**PROBLEM DESCRIPTION**
The listing below has to be output exactly as given, less its pictures.

**DATA BLOCK**
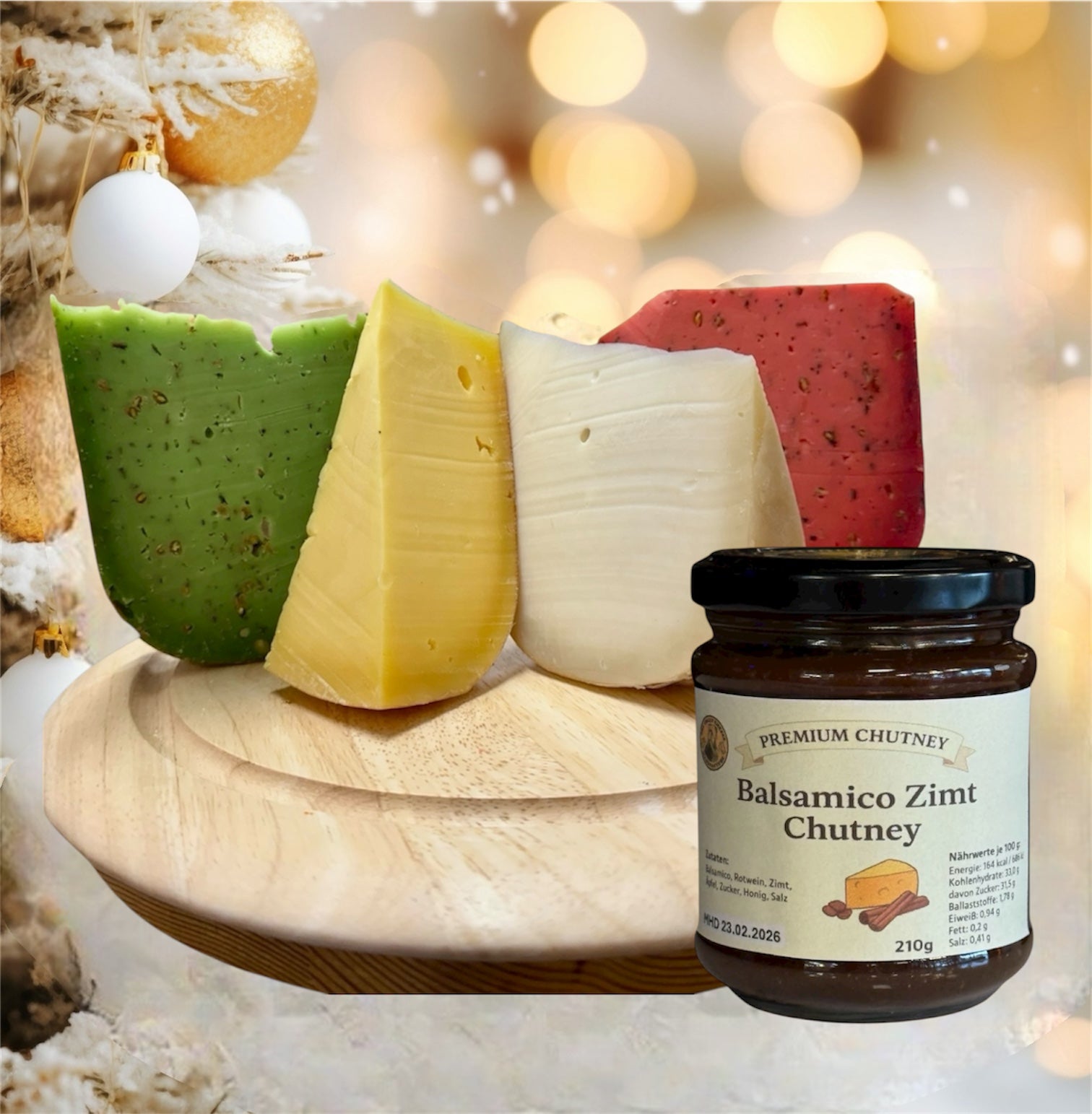 MIX-BOX XXL mind. 700g Crazy Cheese + Balsamico Zimt Chutney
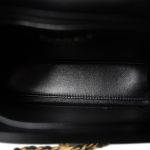 Black Velvet Quilted Nano Kelly Shopper Aged Gold Hardware - Image 11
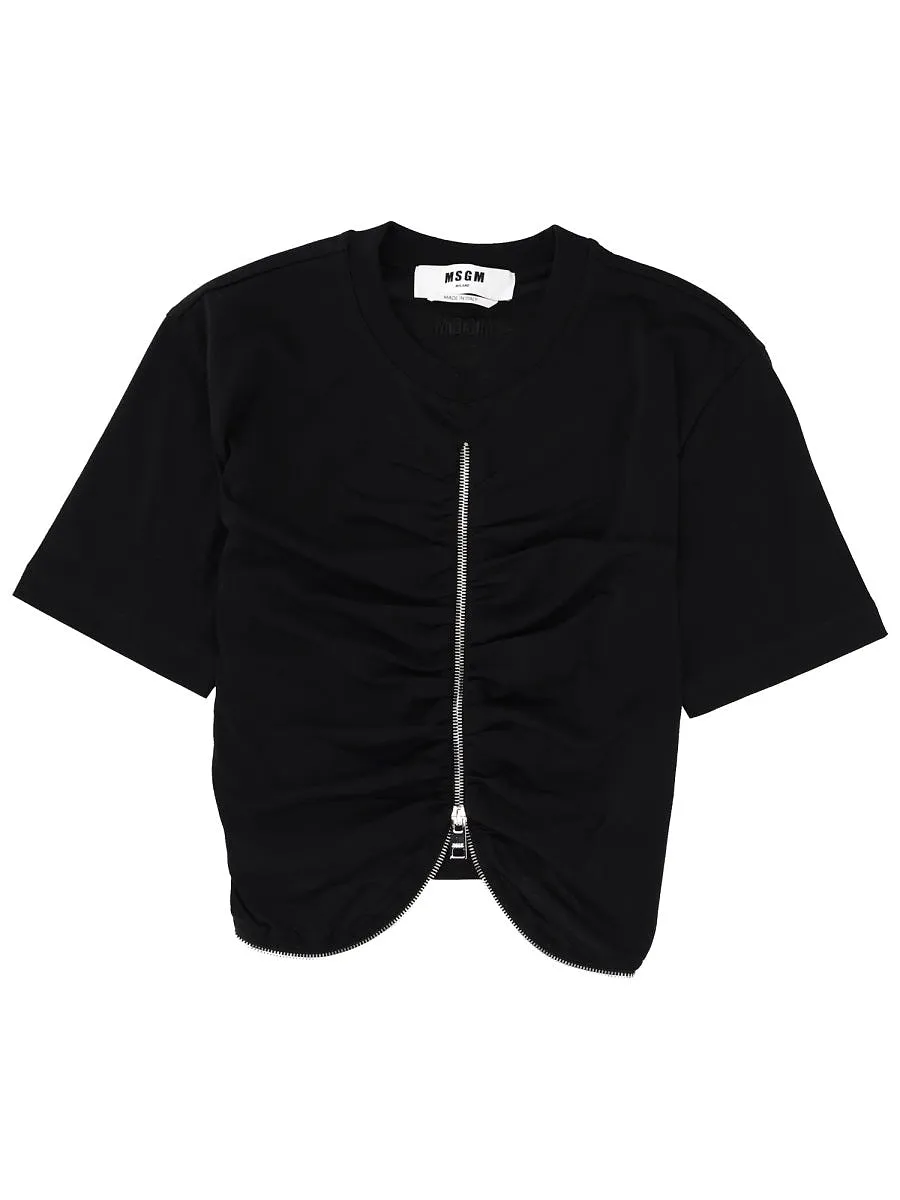 Zippered T-Shirt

**RESPONSE TO THE EXERCISE**
 MIX-BOX XXL mind. 700g Crazy Cheese + Balsamico Zimt Chutney
 Black Velvet Quilted Nano Kelly Shopper Aged Gold Hardware - Image 11
 Zippered T-Shirt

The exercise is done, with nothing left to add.